Sorry, I missed the code. If you do not use nested FSDP wrapping, then you will incur 1 + 1 / W memory overhead from the parameters for W workers (due to FSDP always maintaining the 1 / W shard), which could be why you see higher GPU memory usage with FSDP.
The FSDP wrapping effectively determines the max parameter size that is unsharded (all-gathered) at once, so if you only wrap at the top-level, then all parameters contribute to that max size. Therefore, nested wrapping is necessary to decrease the max memory contribution from parameters.
For ZeroRedundancyOptimizer, the implementation is different. The optimizer states are greedily partitioned across ranks to minimize unevenness. It does not shard parameters or gradients.
Thanks for your reply, it’s really helpful. But I still have some questions. Is ZeroRedundancyOptimizer an implementation of ZeRO-1? If so, why not continue implementing ZeRO-2 and ZeRO-3 based on ZeroRedundancyOptimizer instead of introducing FSDP separately? Is there a reason for this?
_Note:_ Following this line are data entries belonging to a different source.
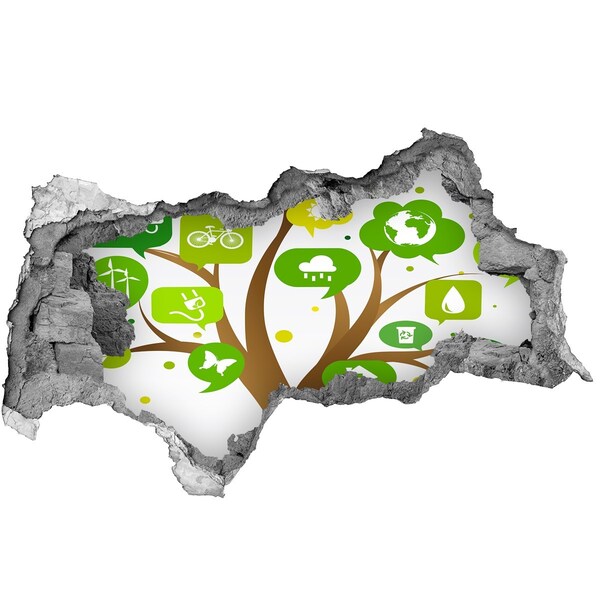 Sticker mural effet trou 3d Le monde vert de la nature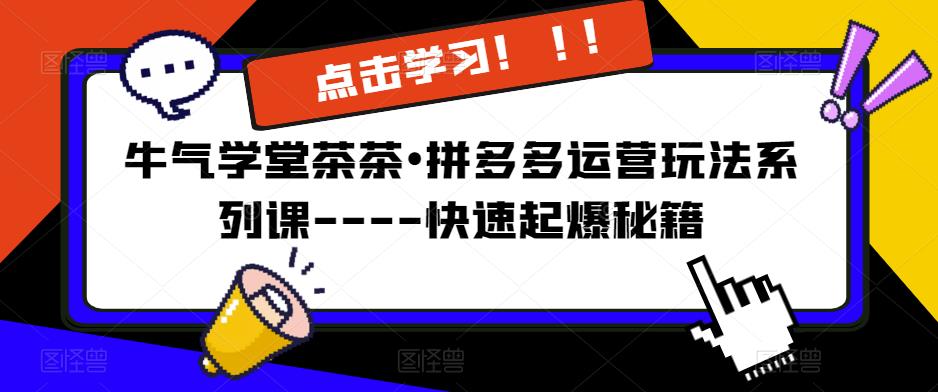 牛气学堂茶茶•拼多多运营玩法系列课—-快速起爆秘籍【更新】-林文副业站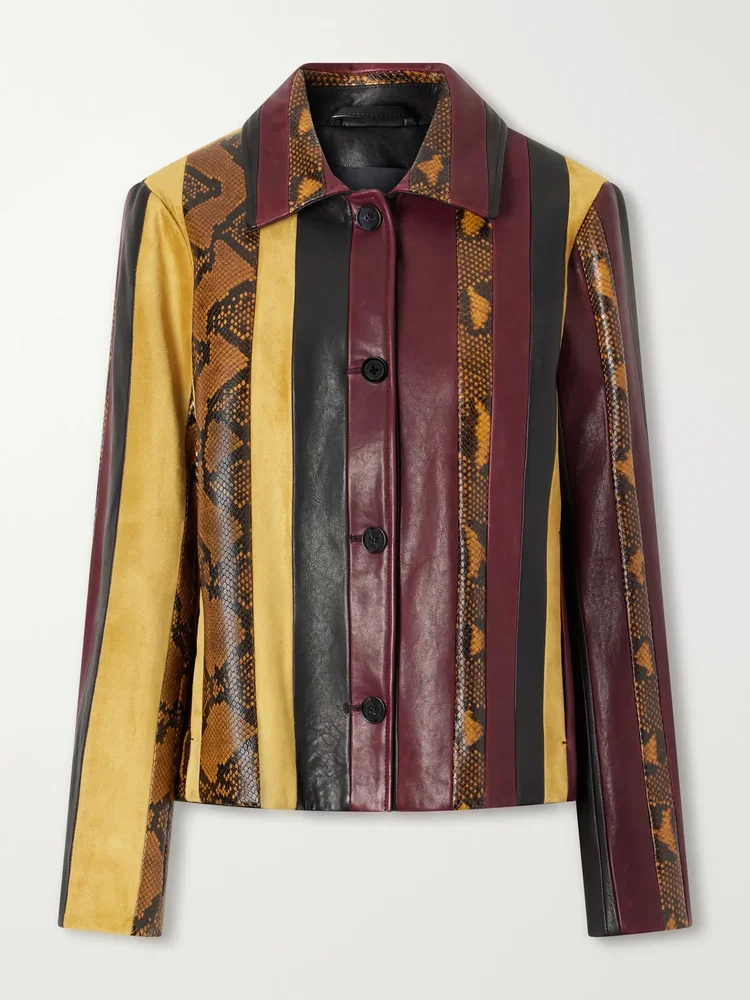 striped suede trimmed snake effect leather jacket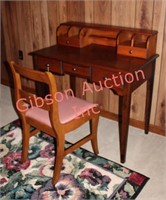Solid Wood Desk With Wood Storage Shelf & Chair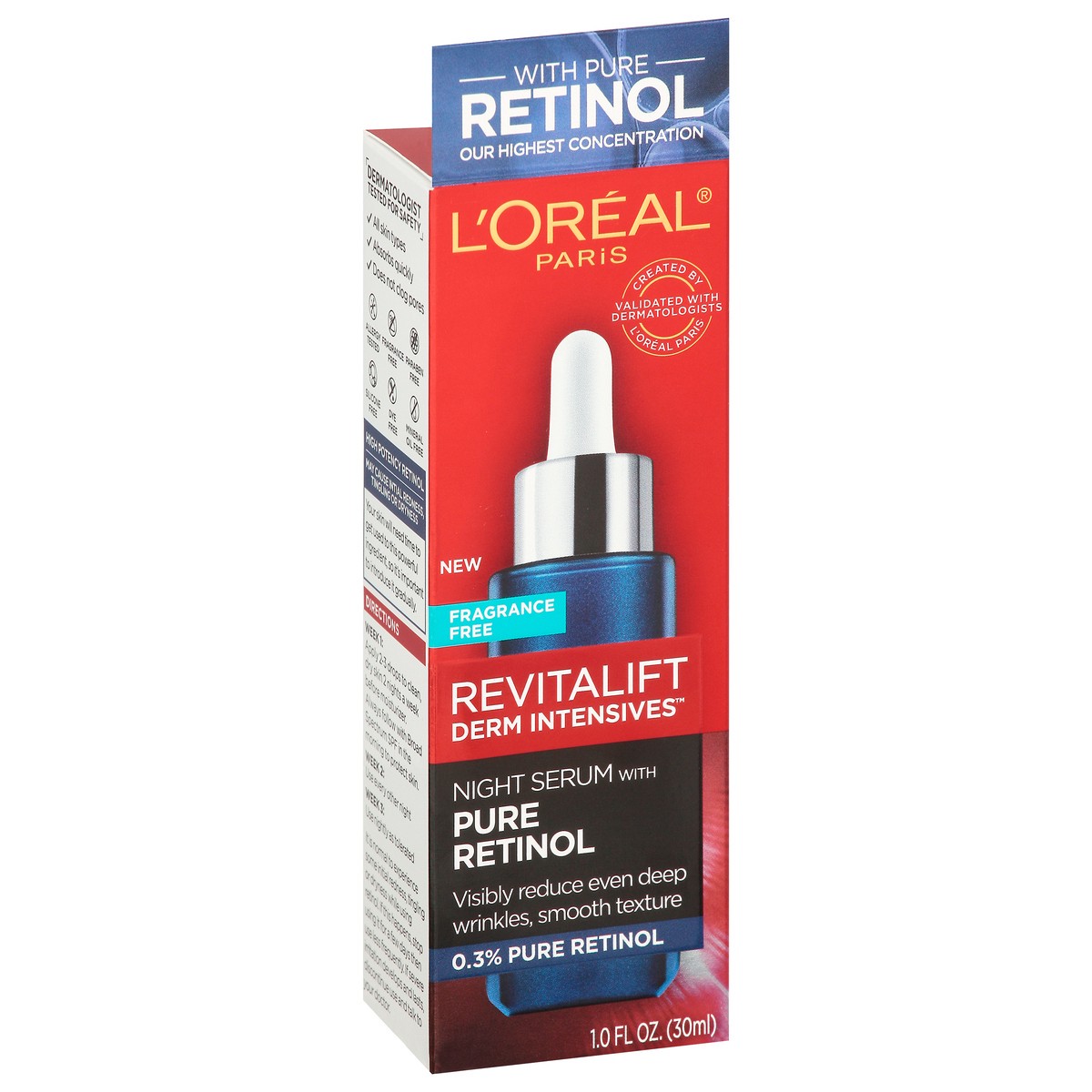 slide 8 of 13, Revitalift Derm Intensives Fragrance Free Night Serum with Pure Retinol 1.0 fl oz, 1 oz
One reason is that ZeroRedundancyOptimizer is a torch.optim.Optimizer, but in order to shard parameters/gradients, we need something that interfaces with nn.Module. Hence, FullyShardedDataParallel is an nn.Module (wrapper).
Hello, I still have a question that I don’t understand. When FSDP does not do nested warpping, the memory consumption is higher than ZeroRedundancyOptimizer, but FSDP actually includes ZeRO-1. Is this caused by the different implementation between FSDP and ZeroRedundancyOptimizer? Where is the extra memory consumption of FSDP reflected?
It is an implementation detail of FSDP. See the description from above:
If you do not use nested FSDP wrapping, then you will incur 1 + 1 / W memory overhead from the parameters for W workers (due to FSDP always maintaining the 1 / W shard), which could be why you see higher GPU memory usage with FSDP.